A Vermilion, Ohio, financial planner was sentenced to 17.5 years in prison and ordered to pay more than $4.4 million in restitution for financial crimes that victimized nearly 100 clients, including churches and charities, the U.S. Attorney for the Northern District of Ohio announced last week.

Richard A. Zakarian, 48, pleaded guilty earlier this year to two counts each of wire fraud and mail fraud and one count of making and subscribing false income tax returns. He was sentenced in federal district court in Cleveland.

Zakarian was a certified financial planner and a self-employed tax preparer who owned and operated several business ventures, including a payroll service. He conducted two schemes where he defrauded clients, according to the U.S. Attorney, one in which he defrauded investors and another where he defrauded clients of his payroll business. Many of the payroll tax victims were churches, charities and other non-profit organizations.

“This defendant preyed on non-profits, churches and small businesses that struggled to make ends meet while making their communities better,” says Steven M. Dettelbach, United States Attorney for the Northern District of Ohio. “He never meant to help them, only to defraud them. This was a systemic, deliberate pattern of behavior that took place over years.”

According to the U.S. Attorney, from 2002 to 2012, Zakarian convinced clients to invest with him. He primarily targeted clients from a tax-preparation business he ran when they received their tax refunds and he knew they had money. Zakarian misled clients to believe their funds would be placed in safe, guaranteed-return investments.

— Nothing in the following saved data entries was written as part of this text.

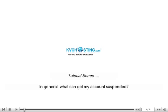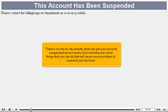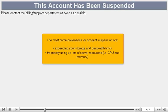In general, what can get my account suspended? There's no way to say exactly what can get your account suspended across every host, but there are some things that you can do that will cause most providers to suspend your account. The most common reasons for account suspension are exceeding your storage and bandwidth limits, frequently using up lots of server resources, i.e. CPU and memory.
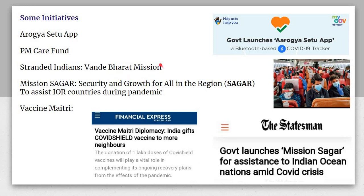Mission SAGAR — Security And Growth for All in the Region — was an Indian Ocean initiative launched to assist Indian Ocean nations. It had different phases: Phase 1, Phase 2, and Phase 3. You can see it described as the government launching Mission SAGAR for assistance to Indian Ocean nations.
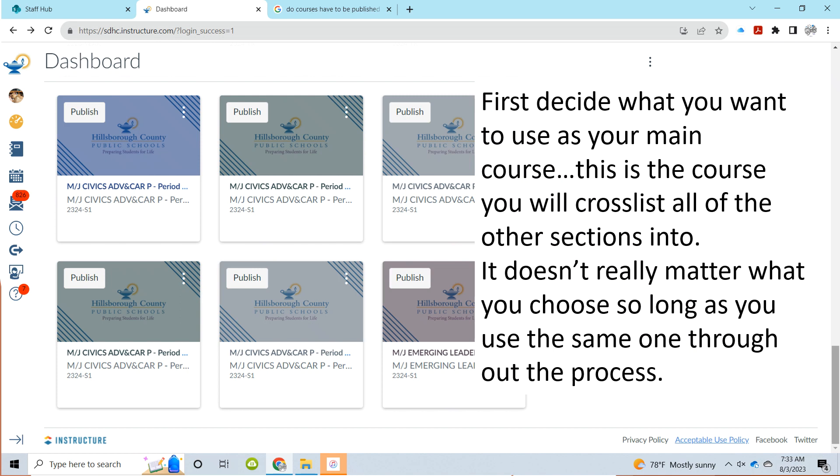Pick out which one you want. Usually, I'll just go with the earliest section of the same course and that'll be the one I cross-list everything into. It really doesn't matter what you choose so long as you go through the process picking the same one each time.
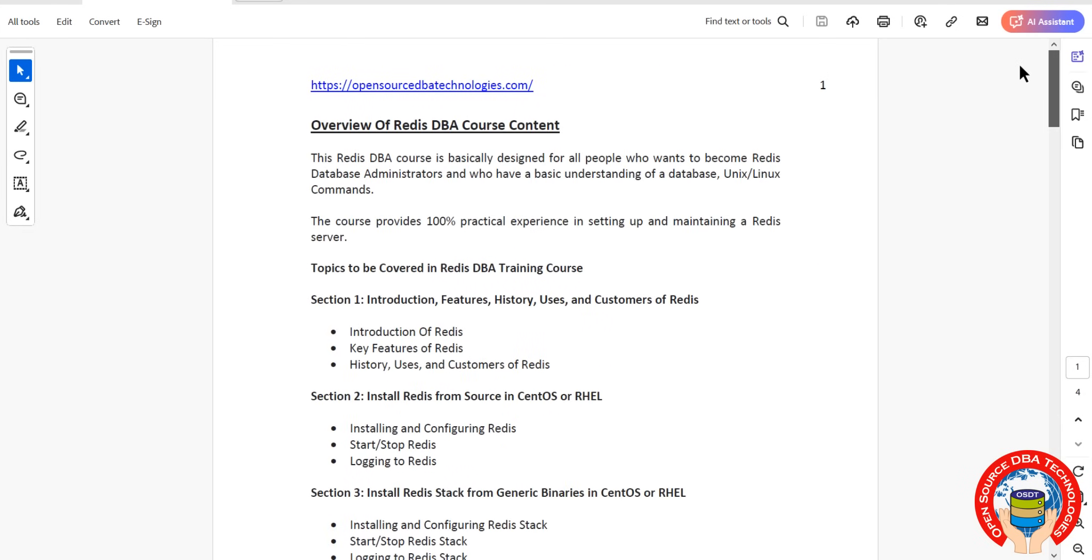Including introduction part of Redis, including CAP theorem, types of NoSQL databases, and history of NoSQL Redis, as well as customers of Redis. Everything in the first section we are going to discuss.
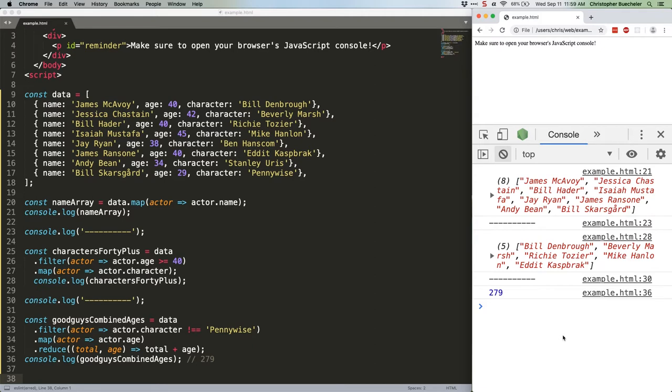That being that chaining array methods is a good way to write fast, efficient data manipulation code. Don't forget that you can do it. That's all I've got this week. See you next time.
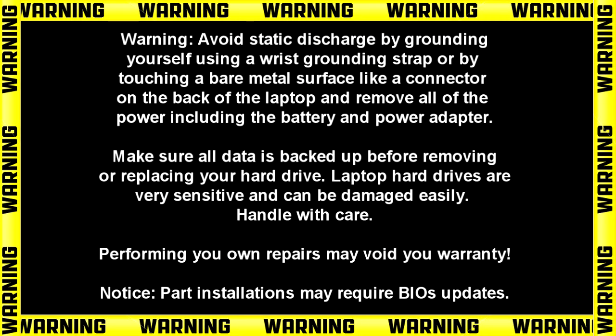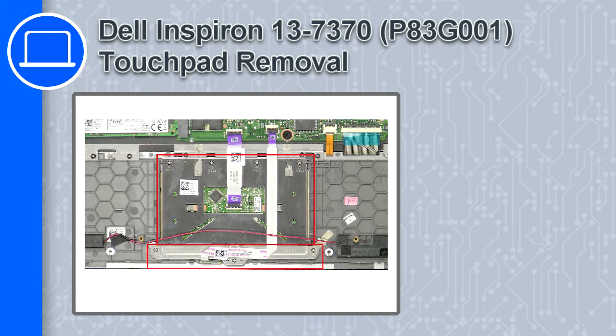What's up, this is Ricardo and in this video I'll show you how to remove the touchpad from a Dell Inspiron 13 version 7370.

Instead, he diverted the funds to pay personal and business expenses, and invested in risky investments for which he had a consistent history of incurring large losses, Dettelbach says.

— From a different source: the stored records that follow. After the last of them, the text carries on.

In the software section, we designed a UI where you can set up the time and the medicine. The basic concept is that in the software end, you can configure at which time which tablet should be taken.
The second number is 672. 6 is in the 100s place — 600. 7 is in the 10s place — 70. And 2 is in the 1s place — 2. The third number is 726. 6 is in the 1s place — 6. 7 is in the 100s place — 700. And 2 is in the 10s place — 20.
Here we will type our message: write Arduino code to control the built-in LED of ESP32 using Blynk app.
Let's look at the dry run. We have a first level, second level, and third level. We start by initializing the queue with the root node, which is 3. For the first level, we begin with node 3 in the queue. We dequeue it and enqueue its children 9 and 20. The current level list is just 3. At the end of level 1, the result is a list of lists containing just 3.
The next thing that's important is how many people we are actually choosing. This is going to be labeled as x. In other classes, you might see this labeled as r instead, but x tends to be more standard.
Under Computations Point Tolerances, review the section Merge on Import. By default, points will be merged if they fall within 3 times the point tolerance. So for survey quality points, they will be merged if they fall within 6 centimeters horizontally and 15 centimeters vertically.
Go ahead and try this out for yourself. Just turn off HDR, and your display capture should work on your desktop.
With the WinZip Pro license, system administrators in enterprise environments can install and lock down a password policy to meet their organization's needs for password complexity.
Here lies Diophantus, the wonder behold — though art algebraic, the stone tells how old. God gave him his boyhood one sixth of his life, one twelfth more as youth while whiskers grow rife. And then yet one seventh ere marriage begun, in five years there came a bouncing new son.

While some received a return on part or all of their investment, 23 clients incurred combined out-of-pocket losses of more than $1 million. In addition, the clients did not receive hundreds of thousands of dollars of gains on their investments that Zakarian falsely reported to them, the U.S. Attorney says.

He also prepared tax returns but did not submit the taxes to the various government agencies as he said he was doing, the U.S. Attorney says.

Zakarian devised the tax scheme in hopes of raising money to be able to pay victims of his investment fraud scheme. He hoped to generate large, quick profits that he could use to cover his operating expenses, repay his investment clients, pay his clients’ employment taxes and have money left over. Instead, he consistently lost money, Dettelbach says.